De inhoudelijke eisen die verder aan de franchiseovereenkomst als zodanig worden gesteld, zijn beperkt in aantal. Concreet betreft dit de verplichting om een regeling te treffen voor goodwill in het geval van overname van een franchiseonderneming door de franchisegever en een kader voor de toelaatbare afspraken omtrent non-concurrentiebedingen dat aansluit bij de Groepsvrijstellingsverordening. In beide gevallen geldt contractvrijheid voor de concrete uitwerking van afspraken binnen het gegeven kader.
Europeesrechtelijk is tevens het mededingingsrecht van belang. In paragraaf 4.2 zijn de nationale mededingingsrechtelijke kaders besproken. Indien sprake is van (mogelijke) beïnvloeding van het handelsverkeer tussen lidstaten, is het Europese mededingingsrecht mede van toepassing. Het Europeesrechtelijk kartelverbod is vervat in artikel 101, eerste lid, van het VWEU. Het verbiedt alle samenwerking tussen ondernemingen die de mededinging op de markt (merkbaar) beperkt, voor zover de handel tussen lidstaten wordt beïnvloed. Franchising is een vorm van samenwerking, die met name verticale beperkingen van de mededinging kent. Indien echter voldaan wordt aan de voorwaarden vervat in de Groepsvrijstellingsverordening verticale overeenkomsten, worden deze afspraken geacht niet in strijd te zijn met het kartelverbod (zowel nationaal als Europees).
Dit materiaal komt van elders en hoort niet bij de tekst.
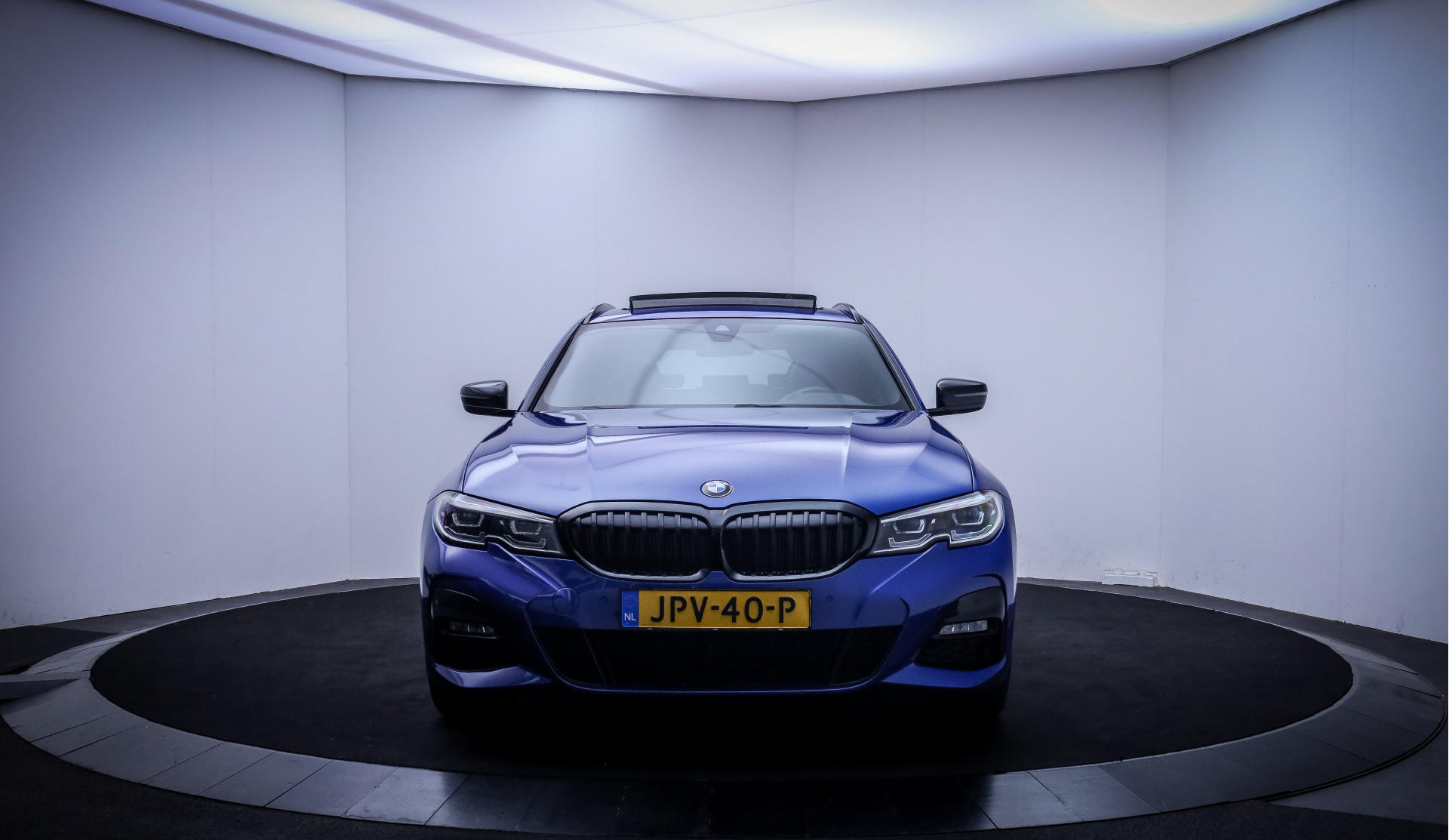 Foto van BMW 330e xDrive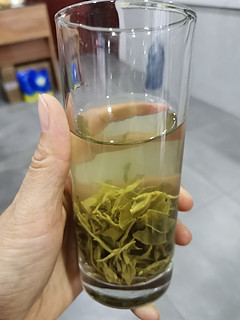 玻璃杯，家中必备的物品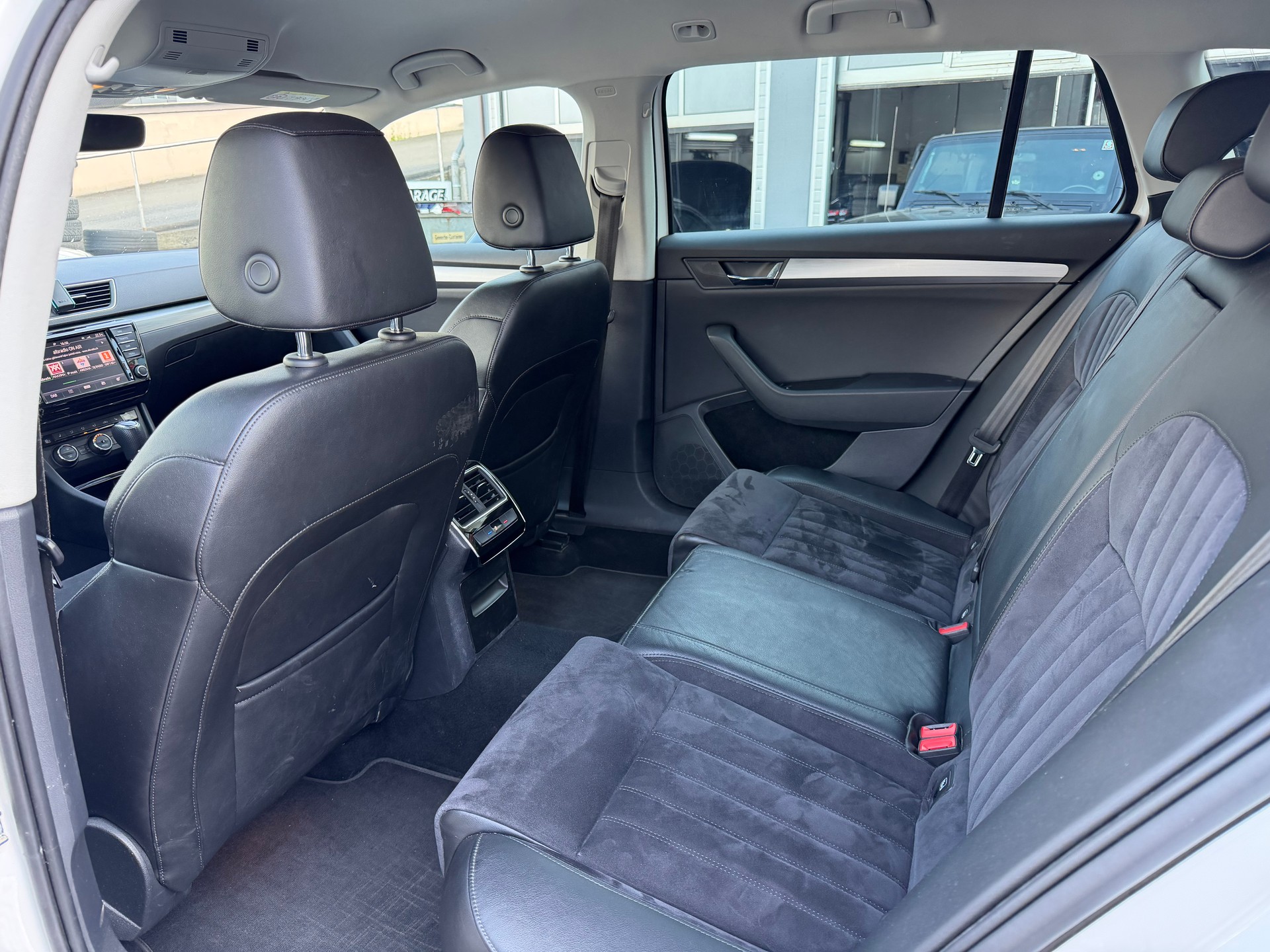 SKODA Superb Combi 2.0 TDi Active DSG-image-7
In sommige landen is sprake van strenge en gedetailleerde regelgeving voor franchise. Zowel in Australië als in de VS is sprake van stringente regelgeving voor de franchisesector, waarmee problemen zoals die zich de laatste jaren in Nederland hebben voorgedaan, zijn verminderd. Zo kent Australië een zeer uitvoerige franchiseregelgeving en overheidstoezicht op de naleving daarvan. De Australische Franchise Code of Conduct is opgesteld door de Australian Competition and Consumer Commission (vergelijkbaar met de Autoriteit Consument en Markt in Nederland), die ook boetes kan opleggen alsmede juridische procedures kan aanspannen tegen partijen die de Code of Conduct overtreden. In de VS heeft de precontractuele informatieplicht een prominente plaats in de (federale) regelgeving. Daarnaast kennen diverse staten een registratieverplichting voordat franchise-aanbiedingen in die staat mogen worden gedaan, en vaak ook overheidstoezicht op de inhoud van deze aanbiedingen.
Voor zover er binnen de EU sprake is van nationale regulering van franchise, ligt de nadruk, evenals in de VS, op precontractuele informatieplichten. Dit geldt in Frankrijk, Spanje, Italië, Roemenië, Zweden, Estland, Letland en België. Er zijn ook landen waarin helemaal niets is geregeld.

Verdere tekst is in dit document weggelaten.